**Material for this task**
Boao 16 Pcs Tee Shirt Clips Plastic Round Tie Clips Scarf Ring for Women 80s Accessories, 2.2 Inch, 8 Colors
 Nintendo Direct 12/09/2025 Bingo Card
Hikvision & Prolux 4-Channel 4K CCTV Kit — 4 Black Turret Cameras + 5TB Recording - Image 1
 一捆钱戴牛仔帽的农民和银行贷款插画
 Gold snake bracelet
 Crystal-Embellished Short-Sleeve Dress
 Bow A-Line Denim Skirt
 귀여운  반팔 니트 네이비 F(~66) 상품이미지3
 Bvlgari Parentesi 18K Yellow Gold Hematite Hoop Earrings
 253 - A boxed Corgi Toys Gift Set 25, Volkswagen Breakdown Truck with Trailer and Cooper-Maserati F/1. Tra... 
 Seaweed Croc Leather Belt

**What you have to do**
Only the lines from the one containing "Nintendo Direct 12/09/2025 Bingo Card" through the last line of the material belong in your answer; output them exactly.

**Answer box**
 Nintendo Direct 12/09/2025 Bingo Card
Hikvision & Prolux 4-Channel 4K CCTV Kit — 4 Black Turret Cameras + 5TB Recording - Image 1
 一捆钱戴牛仔帽的农民和银行贷款插画
 Gold snake bracelet
 Crystal-Embellished Short-Sleeve Dress
 Bow A-Line Denim Skirt
 귀여운  반팔 니트 네이비 F(~66) 상품이미지3
 Bvlgari Parentesi 18K Yellow Gold Hematite Hoop Earrings
 253 - A boxed Corgi Toys Gift Set 25, Volkswagen Breakdown Truck with Trailer and Cooper-Maserati F/1. Tra... 
 Seaweed Croc Leather Belt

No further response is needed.